Your answer should consist solely of the lines from the one holding "this 1024×664 image." through the final line of the entries, reproduced exactly and without pictures.

=== Section Start ===

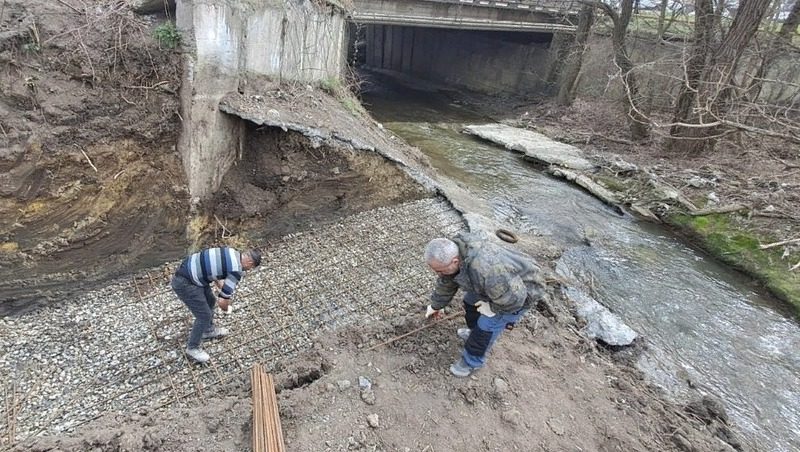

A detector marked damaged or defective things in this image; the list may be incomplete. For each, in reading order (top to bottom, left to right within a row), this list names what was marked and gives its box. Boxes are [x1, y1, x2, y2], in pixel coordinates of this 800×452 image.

broken concrete slab [462, 123, 592, 171]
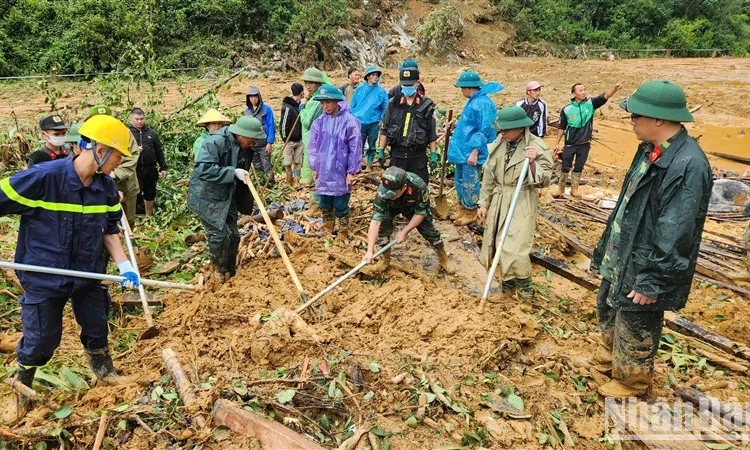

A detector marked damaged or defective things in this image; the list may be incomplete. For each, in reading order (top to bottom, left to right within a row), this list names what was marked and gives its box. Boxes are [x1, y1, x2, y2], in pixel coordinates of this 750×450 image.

broken wooden plank [536, 250, 600, 292]
broken wooden plank [668, 312, 750, 364]
broken wooden plank [213, 400, 328, 448]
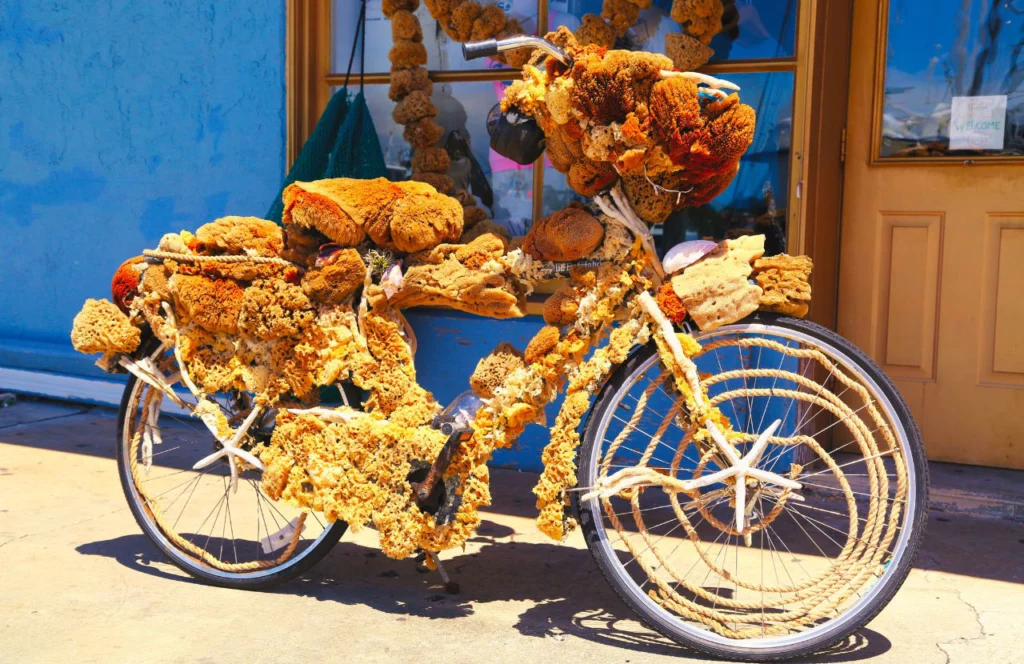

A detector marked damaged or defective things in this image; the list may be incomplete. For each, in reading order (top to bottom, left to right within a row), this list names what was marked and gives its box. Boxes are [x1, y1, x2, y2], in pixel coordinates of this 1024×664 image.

cracked pavement [0, 399, 1019, 664]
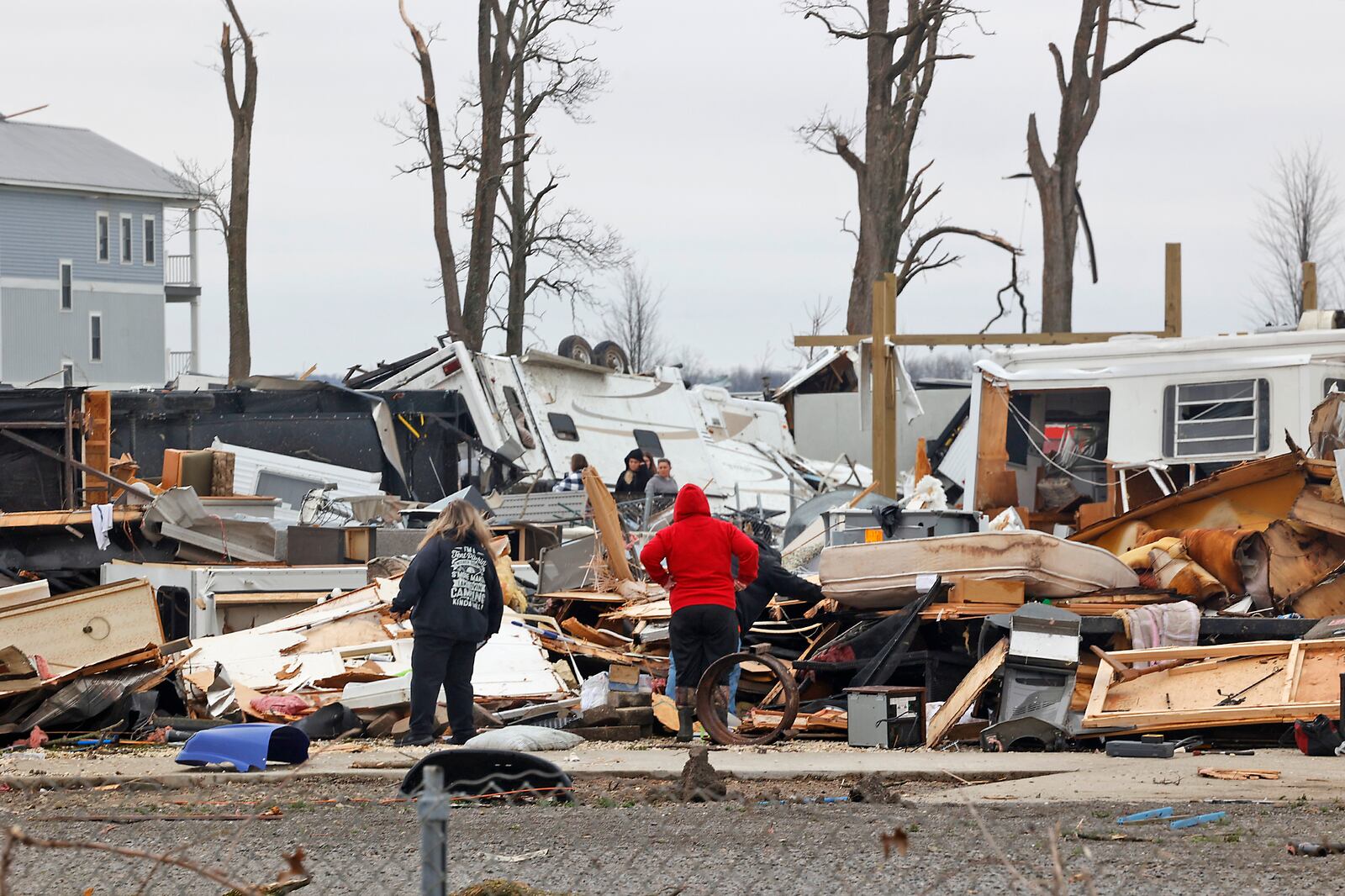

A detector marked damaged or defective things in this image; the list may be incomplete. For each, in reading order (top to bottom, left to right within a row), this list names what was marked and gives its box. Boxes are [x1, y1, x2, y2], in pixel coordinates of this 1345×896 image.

broken window frame [545, 410, 578, 440]
broken window frame [1163, 378, 1264, 461]
shattered wood plank [582, 464, 636, 585]
broken furniture [172, 719, 309, 770]
broken furniture [841, 686, 928, 746]
shattered wood plank [928, 635, 1009, 746]
broken furniture [975, 602, 1083, 746]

=== Section End ===

Task result:
A detector marked damaged or defective things in this image; the list may be incomplete. For each, in reading order (top to bottom, left to right within a row), this list names what was marked and gives its box. Boxes are [x1, y1, x2, y2], in pixel coordinates of this 1024×664 image.

cracked pavement [0, 399, 1019, 664]

A detector marked damaged or defective things in this image; the list may be incomplete. For each, in reading order (top to bottom, left to right within a row), this list names what was marked and gives its box. Boxes are [x1, y1, x2, y2], in pixel coordinates of this 1345×896 image.

broken window frame [545, 410, 578, 440]
broken window frame [1163, 378, 1264, 461]
shattered wood plank [582, 464, 636, 585]
broken furniture [172, 719, 309, 770]
broken furniture [841, 686, 928, 746]
shattered wood plank [928, 635, 1009, 746]
broken furniture [975, 602, 1083, 746]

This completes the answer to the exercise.